▶ WHAT TO PRODUCE
Every line of the data below must be output exactly, with images left out.

▶ AVAILABLE DATA
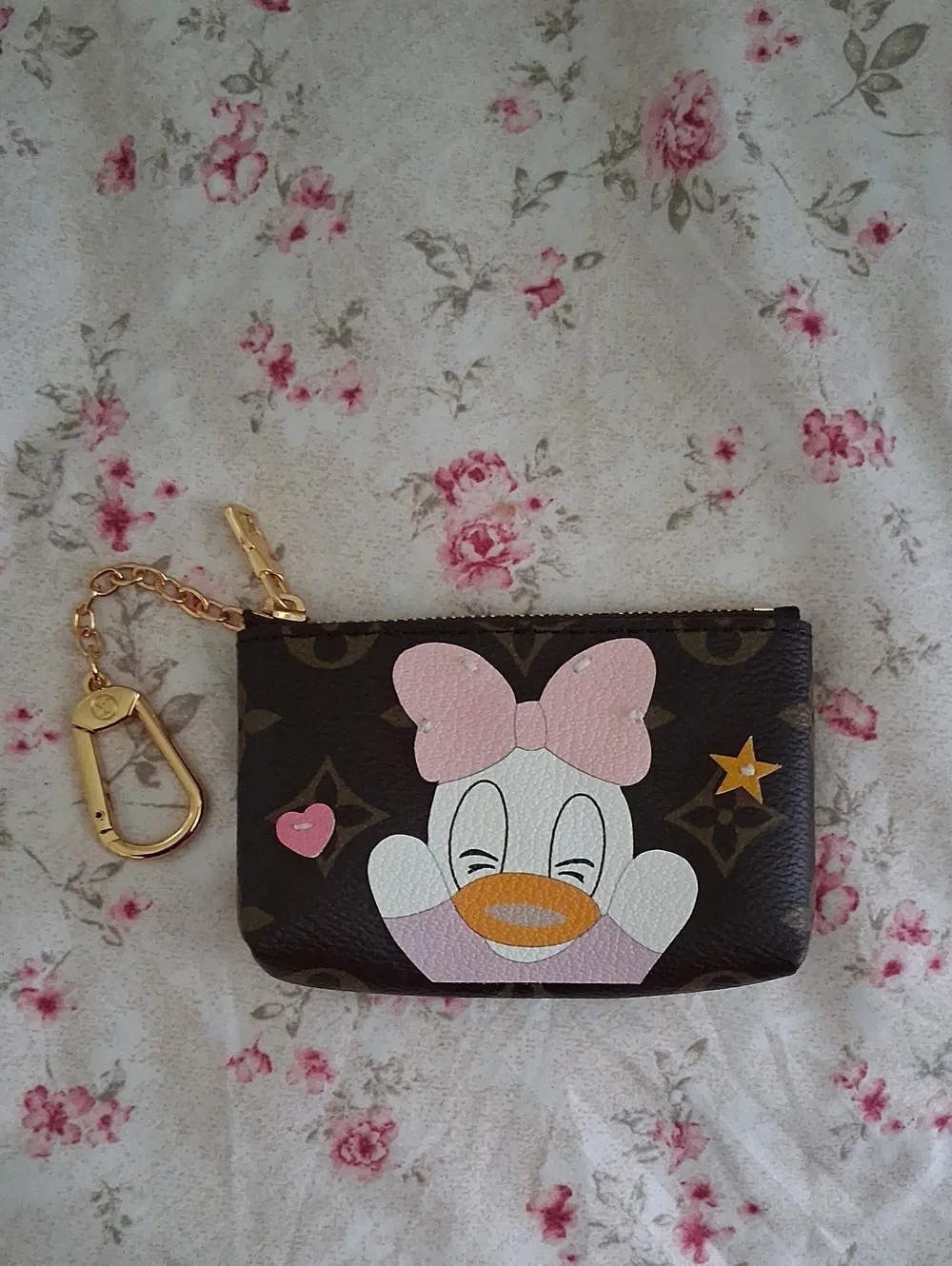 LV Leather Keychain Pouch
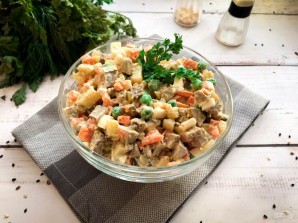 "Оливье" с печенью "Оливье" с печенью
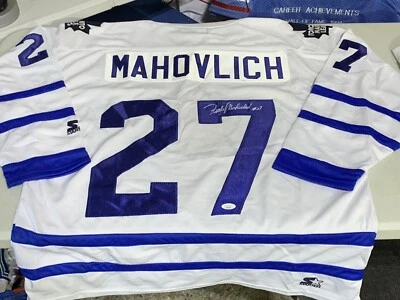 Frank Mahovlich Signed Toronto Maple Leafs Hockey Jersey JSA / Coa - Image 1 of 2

▶ RESULT
 LV Leather Keychain Pouch
 "Оливье" с печенью "Оливье" с печенью
 Frank Mahovlich Signed Toronto Maple Leafs Hockey Jersey JSA / Coa - Image 1 of 2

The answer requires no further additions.